What I was looking for?
My goal was to sort the information the user is looking for on a delivery page. Is he looking for a good price before everything else? Or a fast delivery? Is he talking about "time" or "moments"? How can a delivery system make a difference? 


I exchanged with 5 different persons:
User A: French man, living in the alps, 30 years old, executive in a french company, very connected.
User B: French woman, living in the alps, 30 years old, employee. Loves quality products.
User C: French woman, living in the alps, 24 years old, student.
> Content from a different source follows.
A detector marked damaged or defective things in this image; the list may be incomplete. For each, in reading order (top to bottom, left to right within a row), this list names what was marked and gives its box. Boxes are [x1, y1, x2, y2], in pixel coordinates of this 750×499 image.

Commands a lot online. 
User D: French woman, living in the alps, 58 years old, company director, not very tech savvy, do not order online frequently.
User E: French man, living in Paris, 27 years old, start-up founder, loves quality product, hi-tech and he's a Nespresso fan.


  • User A - "Pay less than in store".
  • User B - "Be delivered as fast as possible!"
  • User C - "Do not waste time"
  • User D - "Don't be surprised"
  • User E - "Get a premium experience" 


  • User A - "I stop if I have to pay taxes, fees or delivery"
  • User B - "From the middle of the week, I am affraid to be delivered next week"
  • User C - "I don't want to spent time on the command"
  • User D - "I am often afraid to not select the best option”
  • User E - "I hate to have a cheap experience for an expensive product" 
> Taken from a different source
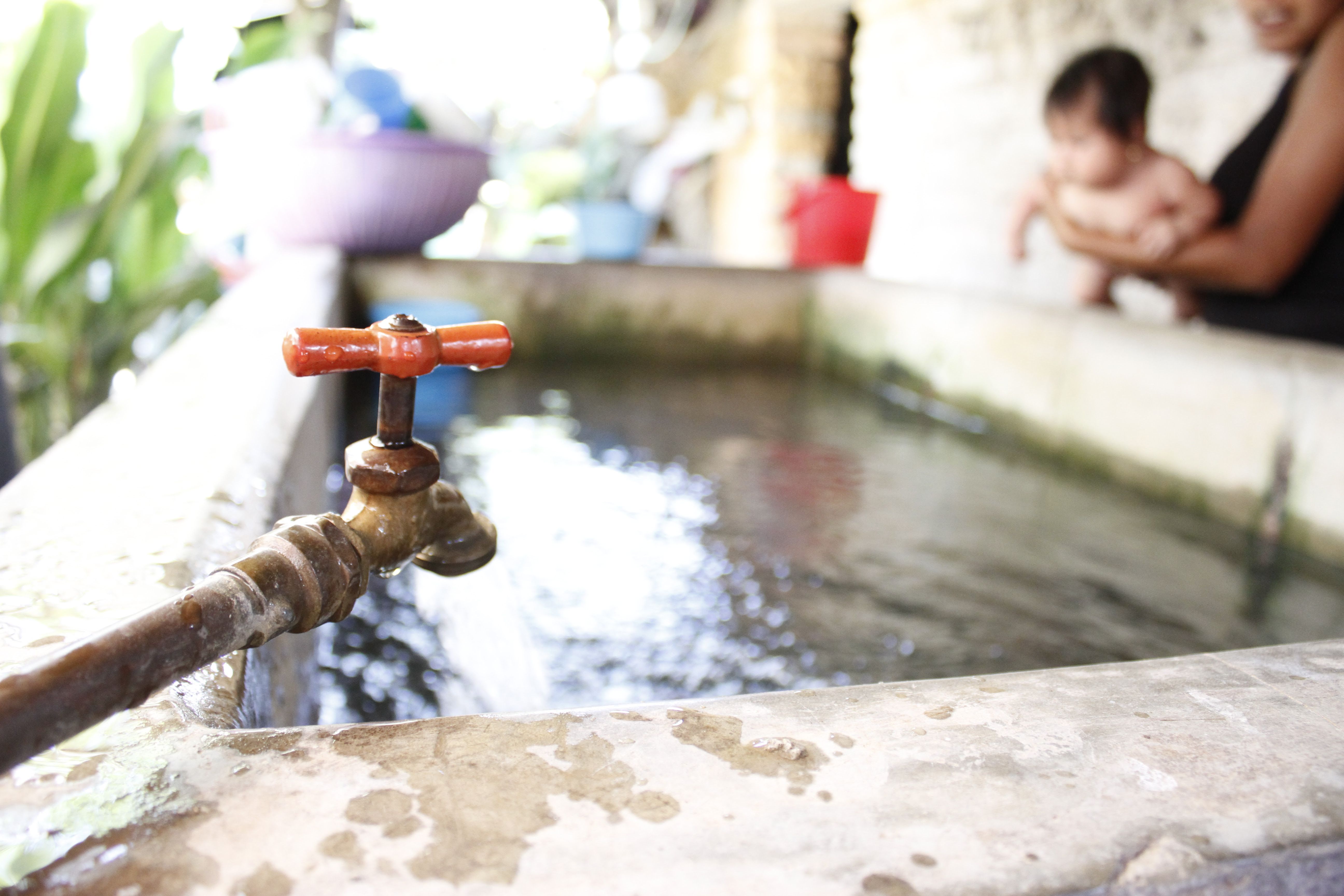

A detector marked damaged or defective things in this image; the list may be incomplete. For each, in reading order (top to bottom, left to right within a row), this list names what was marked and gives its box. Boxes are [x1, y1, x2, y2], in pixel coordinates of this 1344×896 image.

rusty brass faucet [0, 313, 510, 772]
  • User A - Has a good feeling, to earn time and money
  • User B - Restraint, I order online cause I don't have alternatives
  • User C - Sad, would prefer to have an IRL experience
  • User D - Lack of trust
  • User E - Affraid to miss a better experience


  • The delivery is a crucial step in a checkout design
  • Do not talk about "delivery time", but explicit the "moment of delivery".
  • There are a lot of information, make them clearer through a better UI.
  • Reassure the users during the delivery choices, and have them focus on other things such as their cart
  • Make this page smart (consider using the user’s localication, preferences, ...)
  • Nespresso represents delightful experiences, it has to be the first principle of this redesign. 



Started on paper, the design exploration is how our interface will show a lot of new good practices and goals to reach. 

At the beginning of the project, during the analysis, I sliced the page in blocks, to produce a lo-fi version of the initial webpage. From this ressource, I produced the new design.

The first iteration was build on the idea that I should improve the notion of time of delivery to combine it with the moment of delivery. 

It was pretty close to the current design of the page, but the new section was organized with a better visibility of the different options. 

But, it was still heavy from a UI stand point, and mostly, the idea of giving these names to the different category wasn't good. Imagine a user is making an order on Friday, July 7 and click on "Next Day". Even if the information is displayed in the selected delivery, it stays frustrating for the user. 

However, some ideas were good and I decided to go deeper in the concept for the second iteration.

Now, the moment of delivery is in the middle of the action. 
We ask the user to choose when he wants to receive his order. 

The page architecture is clearer, from the left to the right, the user easily choose the best solution and see the global price, before clicking on the only important action button of the page: proceed to payment. 

The address bloc is gone. That gives the user more clarity on the kinds of delivery. The action is consistent, you define an address at the same place you define a pick-up-point. Moreover, it allows the user to set up more addresses directly into the interface, reducing the risk of errors. 



On the following prototype (you can also check it out at this address:

Please select “Pick-up at the post office” as your delivery method.
Then, click on add a new address on the premium delivery options.

As you can see, the interface remembers your choices (for example, once selected, the post office stays registered as your favorite one for this kind of delivery). 

Now, you can see the total price evolving with your choices, which provides a transparency very important for the user.

At the end of the flow, you added a new delivery address, which now appears for your premium as for your standard delivery.